### DIRECTIONS
The lines needed are those below that contain the word "cushion"; copy each one.

### PROVIDED RECORDS
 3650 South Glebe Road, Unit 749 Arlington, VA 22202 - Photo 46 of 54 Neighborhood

...

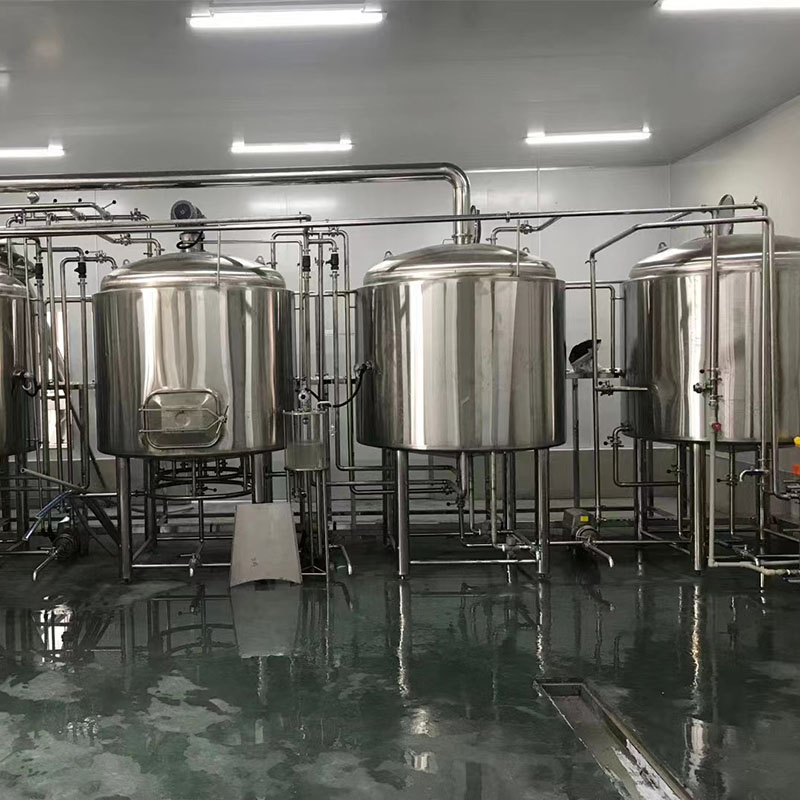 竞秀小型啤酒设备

---

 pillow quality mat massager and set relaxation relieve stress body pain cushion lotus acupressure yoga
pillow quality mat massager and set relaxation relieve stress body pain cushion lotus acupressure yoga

### RESPONSE TO THE TASK
 pillow quality mat massager and set relaxation relieve stress body pain cushion lotus acupressure yoga
pillow quality mat massager and set relaxation relieve stress body pain cushion lotus acupressure yoga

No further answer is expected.